Si Abbas Bayat est parvenu à maintenir le Sporting de Charleroi à flots depuis son arrivée il y a dix ans, il doit malgré tout accuser deux gros échecs: sur le plan sportif, les Zèbres ne sont pas très loin, et le capital sympathie du club s’est largement détérioré.
Par John BAETE
Il y a dix ans, un ovni débarquait au Sporting de Charleroi. Abbas Bayat, homme d’affaires d’origine iranienne reprenait le club et y apposait son sceau. Aujourd’hui, le cerner parfaitement tient de la gageure. D’un côté, il est le sauveur du Sporting, celui qui a réussi à le maintenir à flots financièrement et à éviter la faillite qui menaçait. Dans le même temps, d’autres clubs disparaissaient de la D1 pour motifs économiques, le dernier en date étant Mouscron la saison passée. Si on demeure sur cette perspective (et sans oublier que la Ville de Charleroi a aidé le club au-delà du raisonnable pour certains), Bayat a fait oeuvre utile.
Sa vision économique pure et dure l’a aussi fait sentir très à l’aise dans une guerre juridique entre son club et la FIFA sur le cas Majid Oulmers (revenu gravement blessé d’un match avec le Maroc et non assuré par la fédération internationale) et dans la mise sous pression des TV dans les discussions des droits du foot belge.
Mais au-delà de ces aspects positifs et vitaux, évidemment, à quel prix s’est exercé son mandat? Malgré toutes ses déclarations d’intentions en matière de résultats, le Sporting de Charleroi n’a pas progressé d’un iota par rapport à la décennie précédant la présidence Bayat. La politique sportive a parfois été chaotique, les meilleurs joueurs étant souvent systématiquement vendus. On assista aussi à des clashs homériques avec des techniciens et même à des revirements de position, dont le plus spectaculaire concerne le coach actuel, Jacky Mathijssen. Critiqué puis traité de mauvais entraîneur par Abbas Bayat lorsqu’il quitta Charleroi, le Limbourgeois se vit reprendre ensuite.
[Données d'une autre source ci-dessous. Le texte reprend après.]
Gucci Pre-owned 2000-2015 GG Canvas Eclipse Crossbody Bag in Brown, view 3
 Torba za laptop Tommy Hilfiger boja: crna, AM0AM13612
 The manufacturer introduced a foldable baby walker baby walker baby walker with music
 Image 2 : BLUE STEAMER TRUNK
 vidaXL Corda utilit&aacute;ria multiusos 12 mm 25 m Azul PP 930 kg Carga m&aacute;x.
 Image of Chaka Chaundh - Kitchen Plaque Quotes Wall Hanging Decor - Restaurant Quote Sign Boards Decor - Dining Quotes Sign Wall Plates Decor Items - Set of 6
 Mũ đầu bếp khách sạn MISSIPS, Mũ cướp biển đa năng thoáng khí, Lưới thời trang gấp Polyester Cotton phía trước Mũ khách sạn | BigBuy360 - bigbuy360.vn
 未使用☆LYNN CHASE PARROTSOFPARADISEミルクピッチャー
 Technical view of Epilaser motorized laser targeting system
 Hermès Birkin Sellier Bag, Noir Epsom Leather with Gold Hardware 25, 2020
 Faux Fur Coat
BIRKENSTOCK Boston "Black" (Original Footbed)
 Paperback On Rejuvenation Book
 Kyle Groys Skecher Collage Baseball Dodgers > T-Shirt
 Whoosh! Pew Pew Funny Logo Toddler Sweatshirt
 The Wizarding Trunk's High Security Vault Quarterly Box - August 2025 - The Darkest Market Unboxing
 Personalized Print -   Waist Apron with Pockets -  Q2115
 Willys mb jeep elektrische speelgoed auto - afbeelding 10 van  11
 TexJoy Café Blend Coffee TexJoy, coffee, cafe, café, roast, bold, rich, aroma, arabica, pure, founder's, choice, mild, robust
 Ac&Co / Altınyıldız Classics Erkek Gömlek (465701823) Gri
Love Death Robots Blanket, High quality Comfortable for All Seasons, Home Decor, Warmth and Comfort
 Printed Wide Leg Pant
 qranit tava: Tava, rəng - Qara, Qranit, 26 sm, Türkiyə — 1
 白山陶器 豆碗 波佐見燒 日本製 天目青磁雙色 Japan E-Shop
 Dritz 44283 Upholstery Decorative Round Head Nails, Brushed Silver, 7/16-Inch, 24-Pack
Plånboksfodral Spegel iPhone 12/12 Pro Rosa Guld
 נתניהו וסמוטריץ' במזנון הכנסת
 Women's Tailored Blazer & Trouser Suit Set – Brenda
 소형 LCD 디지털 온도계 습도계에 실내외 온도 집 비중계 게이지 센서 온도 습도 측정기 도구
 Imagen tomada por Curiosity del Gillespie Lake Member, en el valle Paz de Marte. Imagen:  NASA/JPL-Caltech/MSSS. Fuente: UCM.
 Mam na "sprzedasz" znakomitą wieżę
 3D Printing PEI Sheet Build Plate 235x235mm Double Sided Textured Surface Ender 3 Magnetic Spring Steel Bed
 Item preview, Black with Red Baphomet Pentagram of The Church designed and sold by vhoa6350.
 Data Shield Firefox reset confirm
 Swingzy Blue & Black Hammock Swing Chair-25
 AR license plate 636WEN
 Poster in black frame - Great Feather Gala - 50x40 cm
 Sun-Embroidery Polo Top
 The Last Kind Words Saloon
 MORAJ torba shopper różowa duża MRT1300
Avec l’aspect financier sous contrôle et une conduite sportive qui ne tient pas ses promesses (mais ce n’est pas le seul club belge dans le cas), le Sporting de Charleroi a surtout perdu un atout pour lequel Abbas Bayat a toujours eu du mépris: le capital sympathie. Un club de foot, c’est autre chose que du business. Abbas Bayat peut être très agréable… mais uniquement quand il n’est pas contredit. Ne trouvent donc grâce à ses yeux que les journalistes qui assurent la communication du Sporting de Charleroi, et non ceux qui font de l’information critique. Dans l’histoire du football belge, aucun président de club de D1 n’a permis autant de dérapages vis-à-vis des médias en général. Idem à l’égard de la famille du football dans son ensemble. Doit-on rappeler les convocations à l’Union belge pour attitudes déplacées vis-à-vis de l’arbitrage ou de représentants d’autres clubs? Sans évoquer les disputes internes à la Ligue pro? Et s’étonner que si des joueurs étrangers acceptent de signer à Charleroi, les Belges font la fine bouche pour y aller?
Quand il quitta Charleroi il y a un peu plus d’un an, le coach écossais John Collins (ex-joueur de classe internationale) nous avoua « qu’avec mon adjoint, on a souvent pensé à se suicider tellement c’était difficile de travailler à Charleroi ». Evidemment qu’il y avait une grosse dose d’humour britannique là-dessous. Mais c’est toujours en rigolant qu’on dit le plus de vérités, non? Et d’ailleurs, pourquoi un Philippe Albert, monument du foot belge qui débuta et finit sa carrière pro au Sporting, ne met-il plus un pied chez les Zèbres depuis que Bayat est là?